This post is not about drugs. I had a bit of a cooking mishap this past weekend. After running 16 miles in Central Park on Saturday, I returned home very very hungry. I decided to hard-boil some eggs (I also ate everything that remained in the fridge that required no preparation). I retired to the couch in my living room while waiting for the water to boil. And then I fell asleep. I did not sleep for very long, only long enough to completely forget that I had put eggs to boil on the stove.

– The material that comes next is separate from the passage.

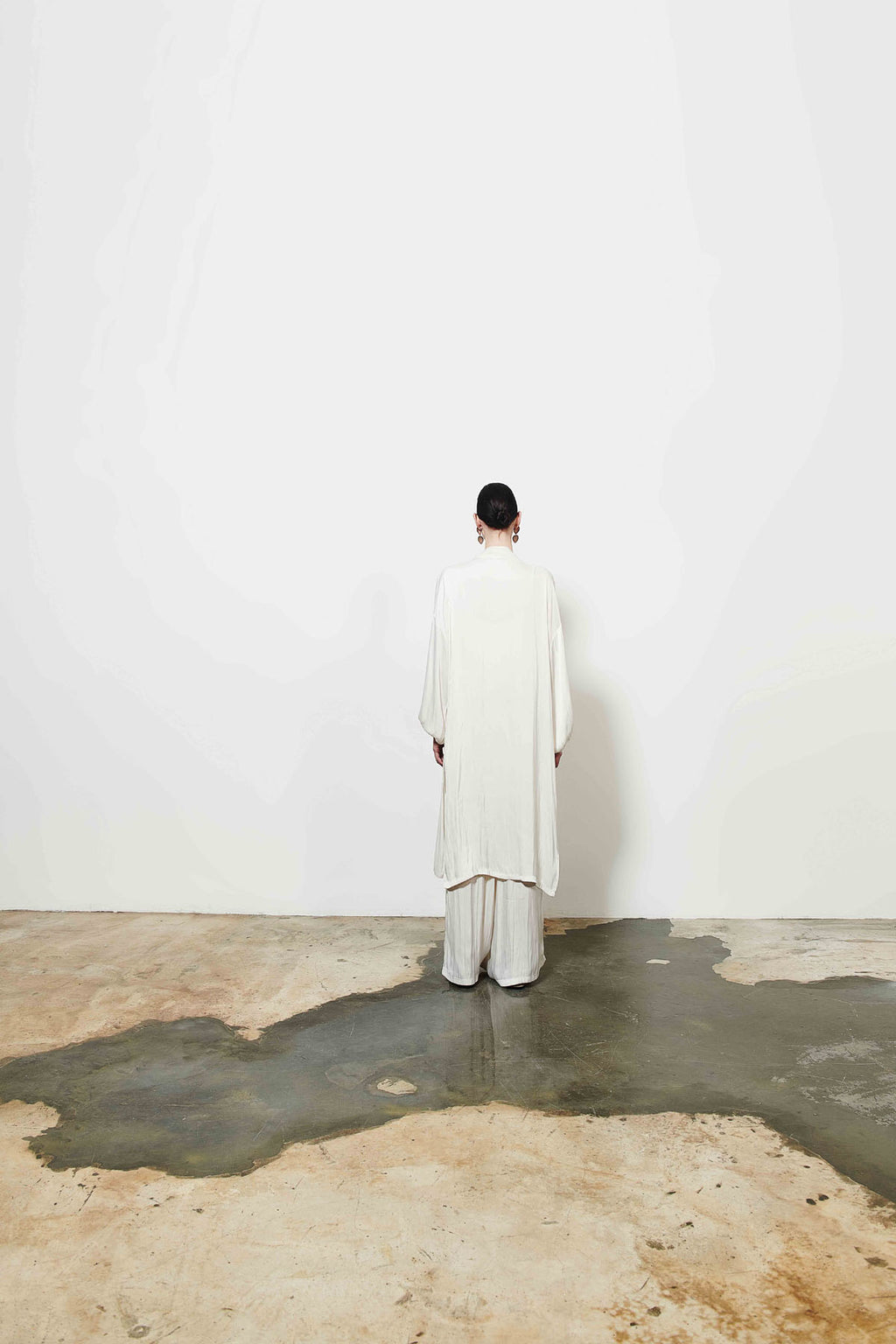 Kadın Beyaz İkili Takım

Can we guess what happened next, faithful readers? I don't know how much time had actually passed, but it was a while. I was relaxing on the couch, when suddenly I heard what I sounded like gunshots coming from the kitchen and then an awful hissing noise. I jumped up in alarm and ran down the hallway to see what happened, but still I did not remember about the eggs, I feared that some random pipe had burst and was spraying water all over my apartment. Luckily that was not the case. It was just a half-dozen eggs that had combusted in the pot after all the water had evaporated. There was not a lot of smoke or even a terrible smell considering it was eggs being dealt with. Some of them shot REALLY far outside of the pot, but mostly stayed together and were easy to clean up. The pot itself, however, did not make it through. While the eggs were just minor casualties I was so sad about this pot. It was my favorite pot! It had travelled with me to many apartments over the past 5 years, and I had cooked so many tasty things in it. My lack of attention had brought about it's untimely demise. Such guilt I felt! But I will not let this pot die in vain. I resolve now to be better about not walking away once I've started cooking something. If I save one more of my pots from a similar fate, it will show this pot's death was not meaningless. It's the best I can do.
The Good Pot is survived by several lesser pots and a skillet.